I AM SOMEONE

AMINATA AIDARA

A secret haunts the members of a family scattered between France and Senegal. But one day in June, the silence is broken.

We enter what appears to be a family saga. The starting block is a reflection on family origins, and the study of the ruin of a family now dispersed. From the onset, we are privy to a family secret revealed to Estelle by her father, on her twenty-sixth birthday, in a bar in Paris: the birth of an illegitimate child back when they all lived in Dakar. It is the secret of a whole family. A secret so heavy that it has drowned under the weight of time and of the unspoken.

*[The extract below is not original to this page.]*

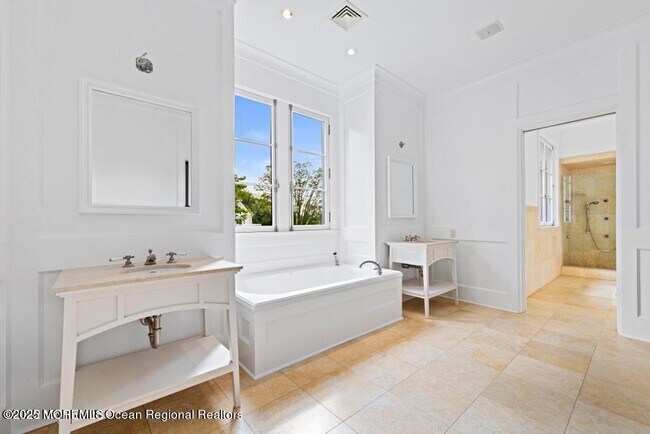 Building Photo - 18 Sheraton Ln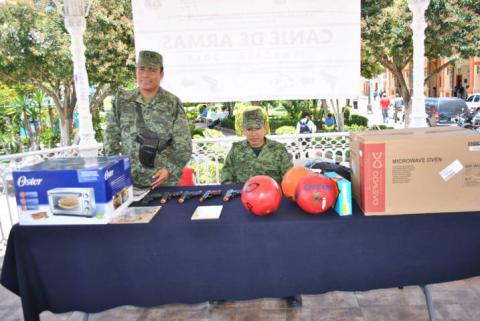 Alcalde invita a canjear armas para prevenir violencia y preservar la integridad imagen 4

From there on, a quest for truth begins and different voices unfurl, chiefly the voice of the mother, Penda, who confides in a personal diary, and the voice of her daughter Estelle, opening with a two-part, third-person prologue: the start of their respective journeys from Other, to a freer and empowered I. In turn, each character untangles the threads of time, unveiling the historical injustices that map their intimate lives. We wander through the affluent areas of Dakar where dramas unfold, but never leave the front gates of the villas. We also weave our way through the suburbs of Paris, its estates and squats devoid of faith or laws. Ultimately, we learn that the secret is the family’s redemption.

Published in France: Gallimard, 2018

Aminata Aidara (1984) is an author of Italian and Senegalese origins. She grew up in Italy and now lives in Paris. She studied French literature at the University of Turin and at the Sorbonne in Paris. Her thesis (2016) focused on the writings of young French people with an immigrant background, viewed through literary anthropology. As a result of this, she set up a literary project, Exister à bout de plume, which further led to a literary competition and publishing writings by young people with an immigrant background. Since 2009, she has published short stories written in either French or Italian, and in 2014 won the prize Premio Chiara inedita 2014 for La ragazza dal cuore di carta [The Girl with the Paper Heart]. She works for the magazine Africulture, writing literary critiques and conducting interviews. She often appears on TV5Monde to present her work. Je suis quelqu’un (Gallimard, 2018) is her debut novel, and she is currently working on a sequel. www.aminataaidara.com

For rights information, contact Anne-Solange Noble at Gallimard: Anne-Solange.Noble@gallimard.fr

  • “A beautiful and sensitive story written in a poetic language… an engaged young writer. When reading Je suis quelqu’un we do notice that [the author does not] just talk about this family but that, through it, [she] talk[s] about the history of Senegal, its colonial past, and the domination still practised by former colonial countries on the African Continent.”

    Guillaume Richez, Les imposteurs

  • “The originality of this novel also rests in its fragmented structure. The author has chosen a polyphonic narrative where voices and points of views come together to tell about the world… this plurality of voices makes the anaphora of identity, chanting the narrative, echo with renewed force starting with the title… Aminata Aidara is ‘someone’ whose name we should remember.”

    Tirthankar Chanda,  RFI Afrique

  • “In Senegal, in France, wherever they live, the protagonists in Je suis quelqu’un are looking for roots – and find themselves. A beautiful first novel…[It] is not just a puzzling tale, and even less a family saga. The secret is just a way to set in motion a reflexion on dual identity and the multiple quests which we inherit: looking for origins, a place to return to, a way of living with history’s injustices and silences.”

    Gladys Marivat, Le Monde Livres

  • “Aidara calls upon great post-colonial thinkers to back the existentialist questions of her polyphonic novel…Searching for the Self, stumbling, finding the Self. Maybe. Finally. In Je suis quelqu’un, Aminata Aidara’s beautiful first novel…, the reader is transported to the heart of the internal journey, the quest for a Self and truths, from various members of a Senegalese family settled in France. It all starts with a family secret each member carries, sometimes without even knowing it…Hybridity, dual identity, Africanisation, uprooting… Je suis quelqu’un is skilfully militant without ever being Manichean.”

    Assiya Hamza, France 24

  • “Estelle’s disarray faced with her troubled family, faced with her own existential suffering, is expressed through cathartic deliriums which make up the most beautiful pages of this poetic novel: quasi-Rimbaudian. Estelle’s monologues are read like pieces of urban poetry tempoed by the chorus ‘I am someone’… A poet is born!”

    Tirthankar Chanda, RFI (Radio France internationale)

  • “Through fiction, [Aidara] immerses us in both pleasure and reflection: expanded by knowledge without lesson…The young novelist offers, without writing an essay about it, wise, open-ended reflections… And this is reason enough for this novel to be read.”